ヒーローインタビューを応じる柳町達【写真:古川剛伊】
ヒーローインタビューを応じる柳町達【写真:古川剛伊】

試合前に襲われた“不安”

 交流戦で打ちまくってMVPを獲得した柳町でも、久々の安打を経て迎えた5日の試合前練習では、実は不安に襲われていた。

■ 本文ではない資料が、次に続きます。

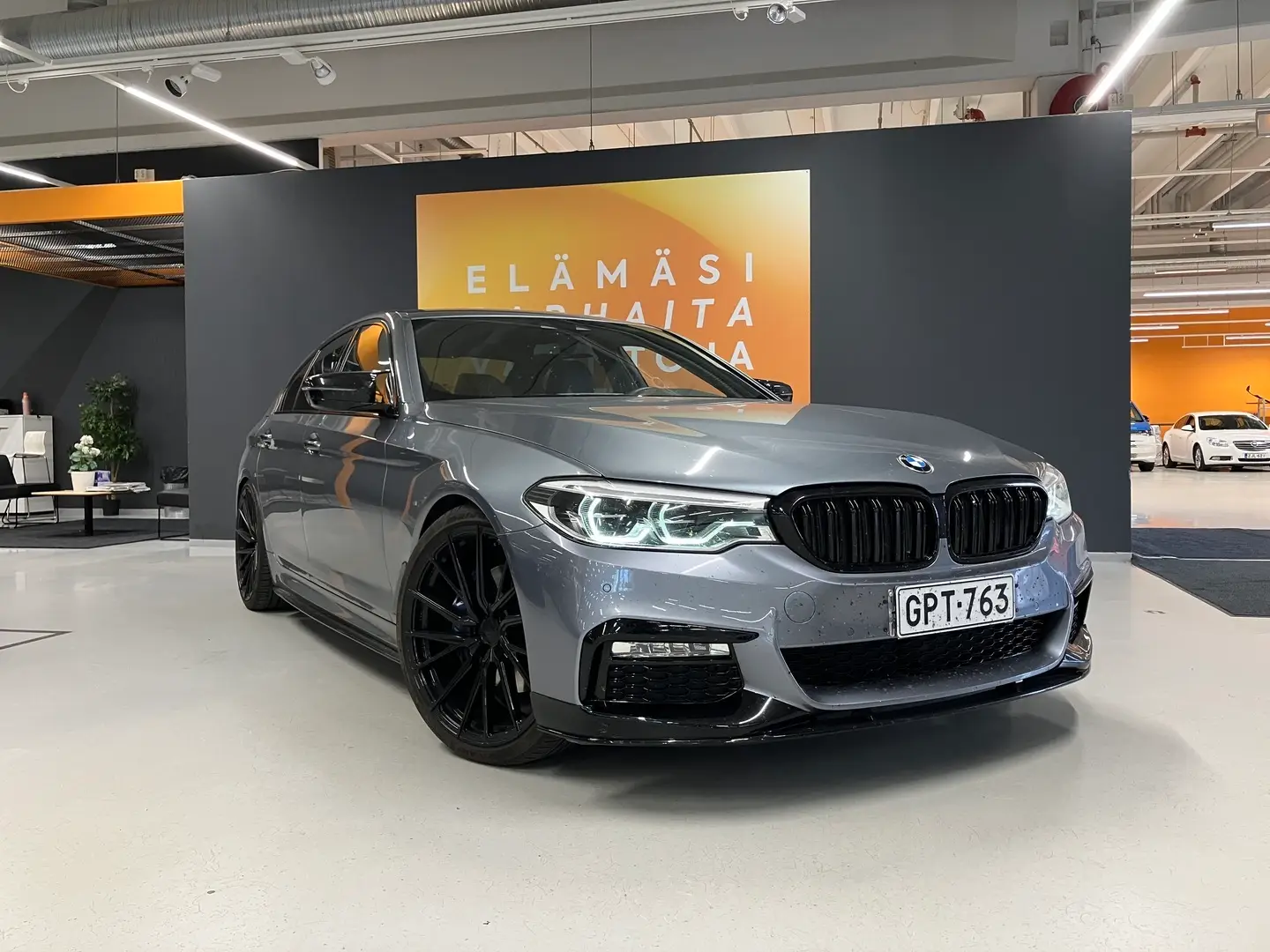 Car Image - 5J2hpzyboBL1XGmcxtAQeH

「まだ『本当に大丈夫なんだろうか』っていう半信半疑な感情、不安もありながら練習していました」

 それでもこの日は、そんな不安を振り払うかのような活躍を見せた。2回は6球目のスライダーを中前にはじき返した。さらに5回一死二塁の第3打席では、9球粘った末に直球を捉え、左翼フェンス直撃の適時二塁打となった。逆方向へ強く打ち返す、価値ある一打だった。

「すごくタイミングが良い打席だったと思います。1打席目からいいアプローチができて、追い込まれても対応できました。あれだけ速い球にも負けずにタイミングを合わせられたので、少しの自信にはつながったかなと思います」。

 小久保監督も「(トンネルは)抜けたんじゃないですか。1打席目も彼らしいヒットでしたし、タイムリーも外の真っすぐに負けず、力強い打球を打ち返していました。そんなにもう心配はしていないです」と復調に太鼓判を押した。

 不振を越えて、ようやく感じた手応え。ここにきて、柳町は打率.315で再び首位打者に浮上した。それでも「またどうなるか分からない。だからまた、その不安との戦いかなと思います」と、気を緩めることはない。28歳は未知の領域でも自分らしく戦う。